Roambi
- Website type: Analytics, Mobile App
- Available in: English
- Website: roambi.com
- Current status: active

= Roambi =

Roambi is a business application that changes raw business data into interactive graphics designed for mobile devices on the iOS platform such as Apple Inc.’s iPhone, iPad and iPad Mini. The applications connect to popular information systems including Excel or Salesforce.com and business intelligence systems such as Cognos and corporate databases such as Microsoft SQL. The app is currently used by over 20% of the Fortune 50 and has been downloaded more than 600,000 times.

==Company history==
MeLLmo Inc. (makers of Roambi) was founded in 2008 by Santiago Becerra, Jaime Zuluaga, David Becerra, and Quinton Alsbury, based in San Diego, California.
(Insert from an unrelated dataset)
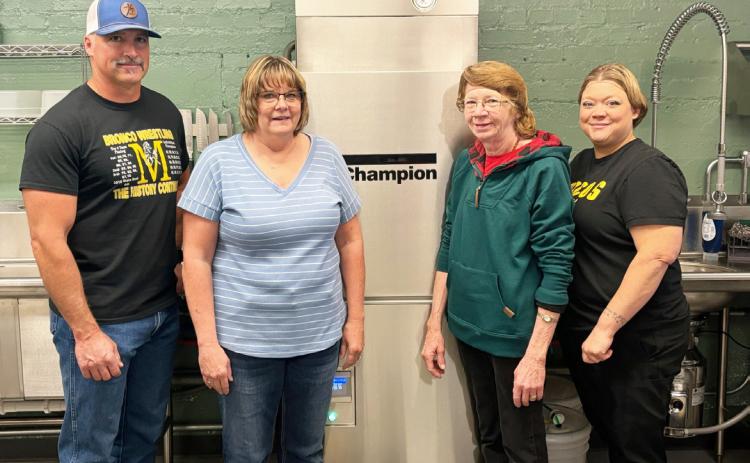 L-r: Head of Maintenance Tyler Gracey with lunch ladies Nancy Kerchal, Tammy Dancer and Kitchen Director April Coetzee. Gerri Peterson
The idea for the company came as Santiago Becerra, standing in line to buy his first iPhone in June 2007, realized the business potential of the mobile device. He sought to create a better display for common business data. The goal initially was to create a touch-based data visualization app exclusively for the iPhone. At the time, the iOS App Store was not available to distribute software, so the company found difficulties convincing others of their prospect.
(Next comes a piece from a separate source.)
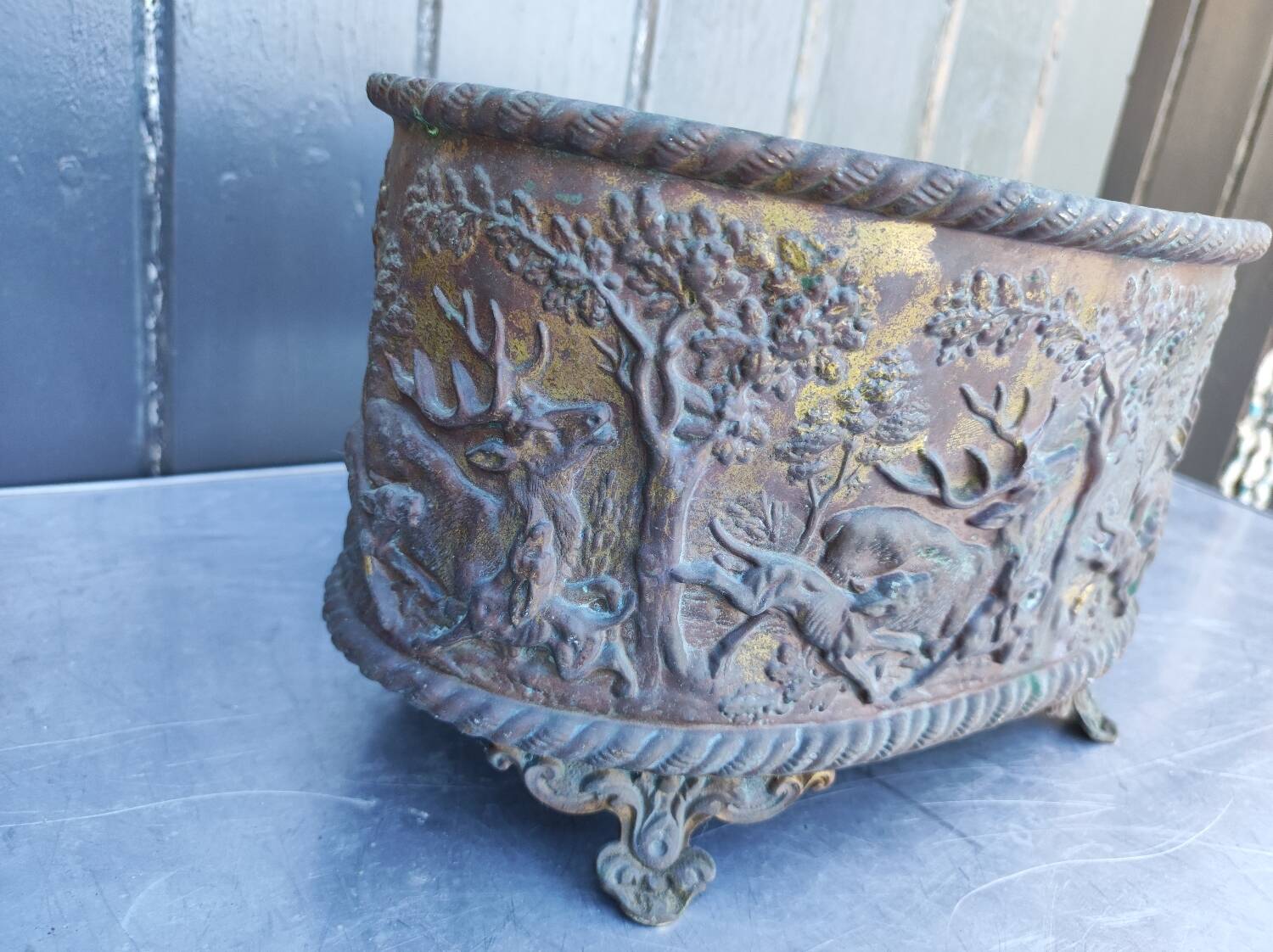 Table planter, 19th century, deer hunting motif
In 2008, before Apple released their first iOS Software Development Kit that allowed people to develop native applications for the iPhone, Roambi was already developing a basic app. The company remained in stealth mode until May 2009, when it launched Roambi on the iPhone as a free app.

When the iPad was announced in January 2010, Roambi decided to develop a new version of the app for the tablet’s launch. Roambi developed the app to leverage the unique aspects of the iPad, such as the larger screen size, and included new analytic features. The app was ready the day the iPad was released in April 2010.

In June 2011, MeLLmo released Roambi Flow, an app that allows users to create and present magazine-style publications on the iPad by integrating text with charts and graphs created in Roambi Analytics.

In June 2013, MeLLmo released "Roambi Business" a secure cloud-based platform. At the same time, the company launched a North American partner program with more than 20 partners trained and certified to work with Roambi Business to sell the service and provide implementation and development services around the application. The program was designed to increase Roambi's engagement and extend its ability to reach end users. The company previously had over 100 partners outside the United States.

On February 16, 2016, SAP announced the acquisition of MeLLmo Inc.

==Description==
Roambi’s platform allows users to upload their data (from Excel spreadsheets, Salesforce.com, or other data) to the online Roambi Publisher. Users then select from pre-designed templates to deliver the data in different forms (pie chart, graphs etc.)

===Roambi Analytics===
MeLLmo's main product, Roambi Analytics, turns business data into visualizations that can be displayed on any iPhone, iPad and iPad Mini.

===Roambi Flow===
Roambi Flow is used to create and present magazine style publications on the iPad by combining analytics with text and other rich media content. The product allows for point-and-click editing, as well as embedded data, and PDF importing capabilities. Flow was showcased in May 2011 and officially launched in June 2011. The product was used by Stanford University for their online student magazine. Flow can embed content, including text, images and graphics, to provide content for a presentation or briefing book, or to create digital publications on a routine basis.

===Roambi ES===
Roambi ES is secure server software that is typically deployed on-premises or in a private hosted cloud, like Amazon Web Services. The software is designed for large companies and can change business reports and data into analytics. The software interconnects with multiple systems, enables publishing capabilities and enforces the right security policies to Roambi files that can be viewed by Roambi Analytics and Flow apps. Roambi ES can be installed in an on-premises or private cloud environment, like Amazon AWS.

===Roambi Business===
In June 2013, MeLLmo launched a cloud-based version named "Roambi Business". The product was created to offer the app to a wider array of business, particularly small businesses, giving them the same tools used by large corporations. The service is hosted on Amazon Web Services, and features a publishing API, single sign-on with SAML 2.0, offline access and administrative capabilities, including remote wipe, file expiration, application passcodes and file recall. The platform supports data analysis no matter where the data exists—"whether it's Excel spreadsheets, CRM systems, databases or traditional business intelligence systems" — and without requiring substantial investment within platform that hosts the data.

==Reception==
The app has eight of the top 10 largest pharmaceutical and biotech companies in the world as clients; as well as Siemens, the Dallas Cowboys, ABB, Telstra, Henkel, the Sydney Airport, and DBRS. Life Technologies bought 900 iPads in early 2012 in order to equip their salespeople with Roambi in order to better understand the data they collect.

The day the iPad was released, Roambi was featured on the first page of the Business category in the App Store, Apple Inc. chose to continue highlighting Roambi on their homepage afterwards.

In 2011, Roambi won the CTIA E-Tech Award for "General Business". The same year, CNN Money named Roambi one of the "5 Best Apps for Business."

Roambi was chosen by the South African government in 2011 to help display and make sense of the country’s census results.